(Web page caption snippets)
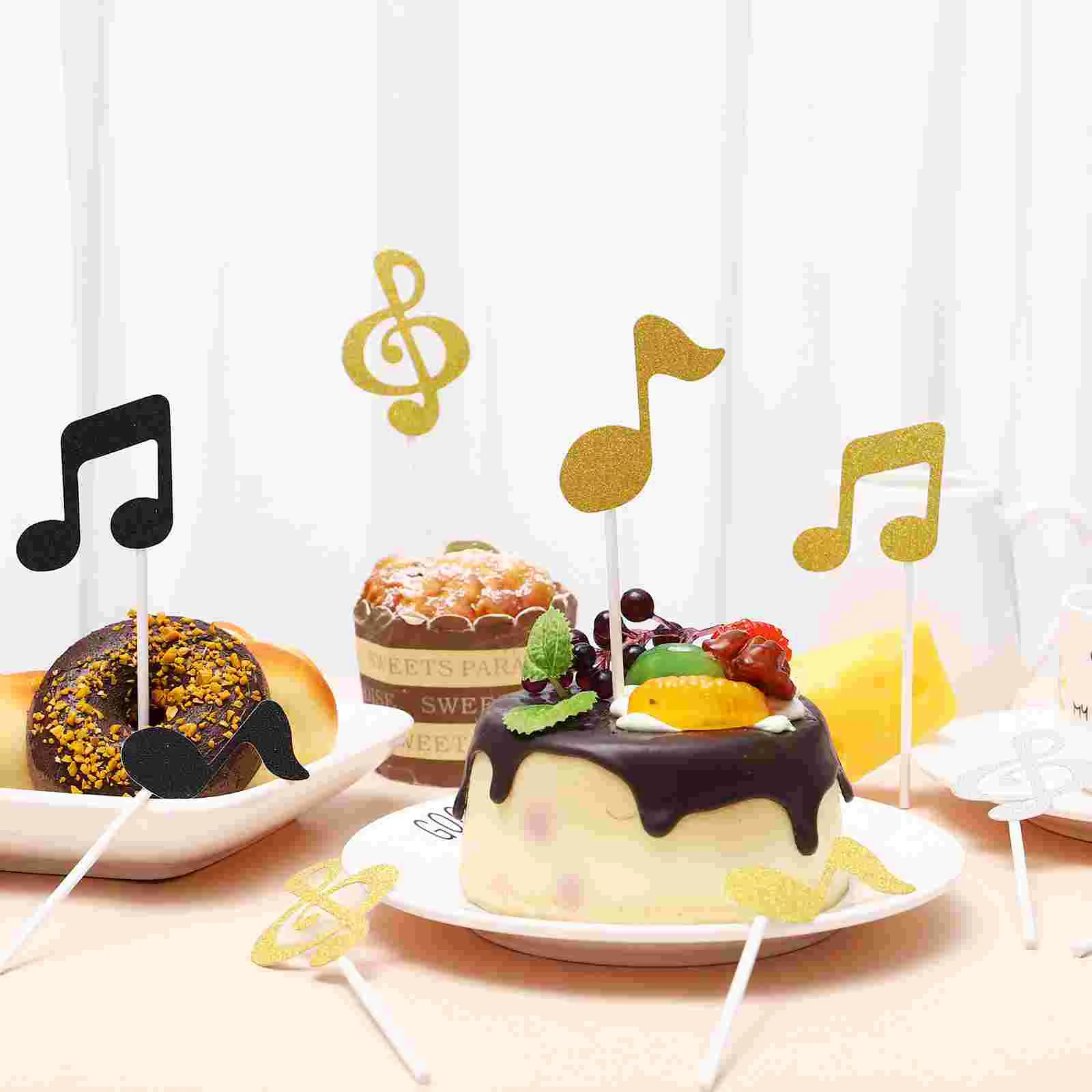 18 Uds. De notas musicales para tarta, adornos para magdalenas, decoraciones para fiesta de cumpleaños, adornos de papel para tarta, notas musicales, decoraciones para fiesta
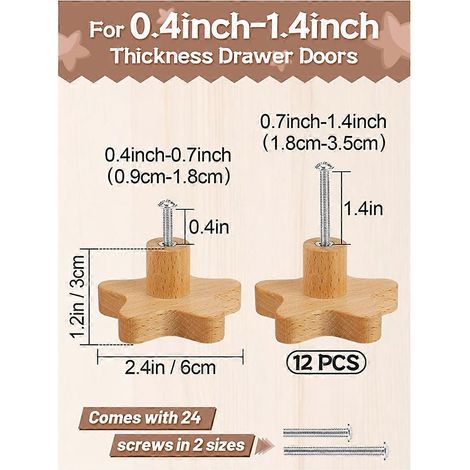 Boutons de commode bohèmes - Lot de 12 boutons de tiroir en bois durable en forme d'étoile avec 24 vis (1/4)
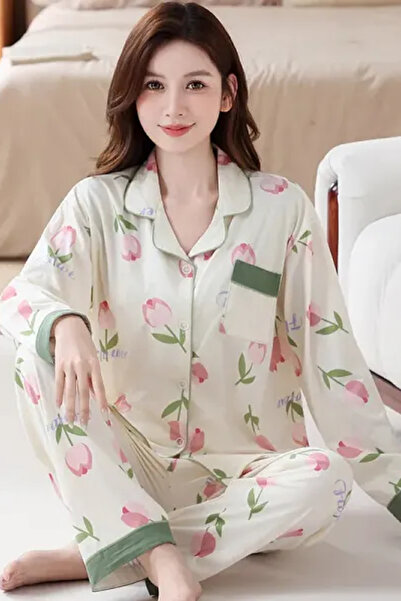 Muchmy Floral Womens Pajama Set Loungewear Relax Casual Top And Bottom Pajama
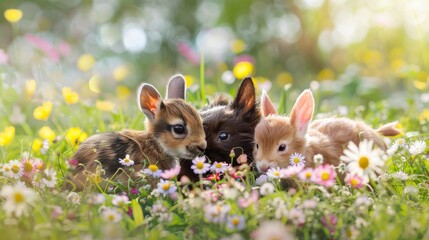 Cute animals playing in a flower-filled meadow  AI generated illustration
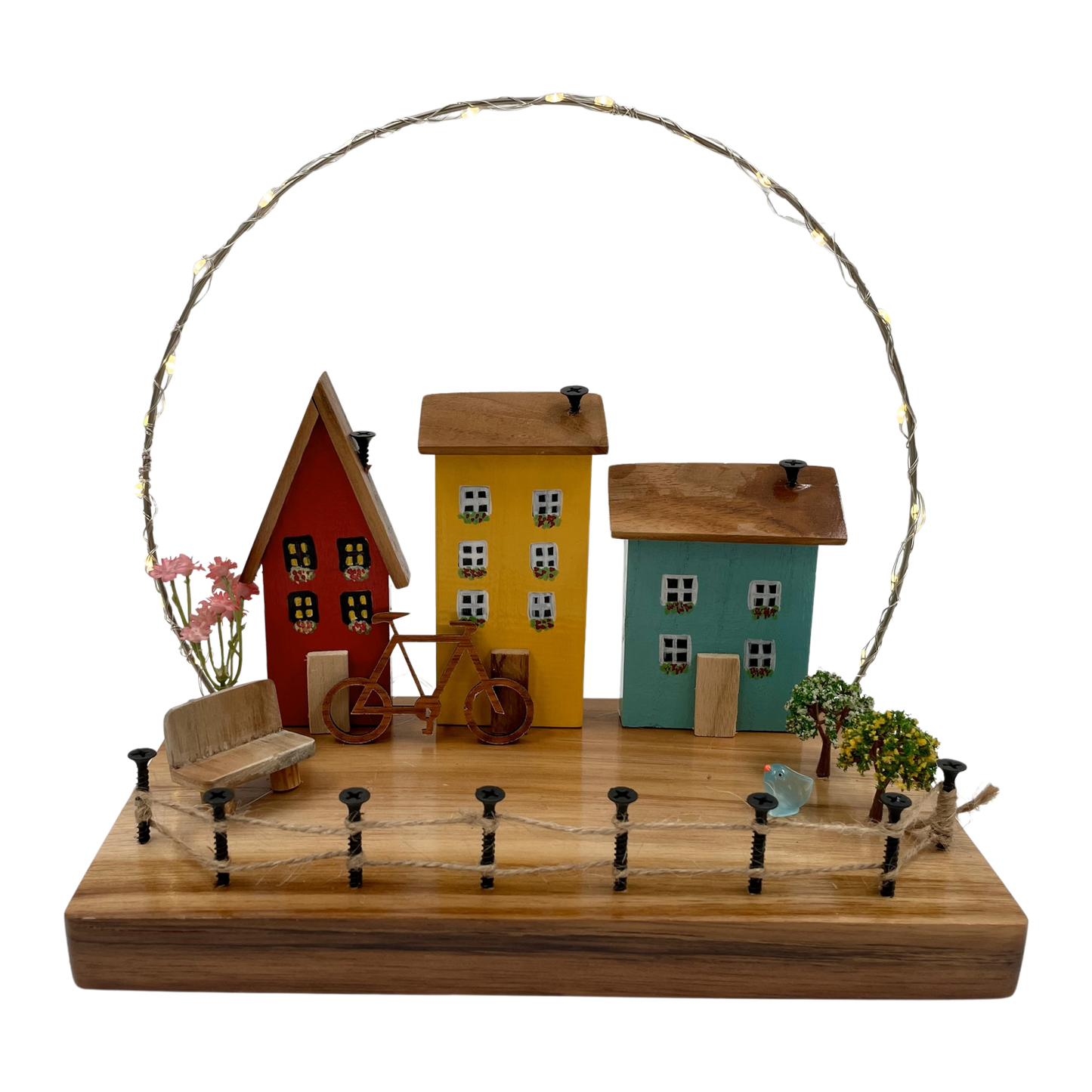The Weaver's Nest Wooden Houses with String Lights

● **TASK BRIEF**
Would you write out exactly the lines of the data from the one holding "Muchmy Floral Womens" to the final line, both included, with pictures left out?

● **REPLY**
 Muchmy Floral Womens Pajama Set Loungewear Relax Casual Top And Bottom Pajama
 Cute animals playing in a flower-filled meadow  AI generated illustration
The Weaver's Nest Wooden Houses with String Lights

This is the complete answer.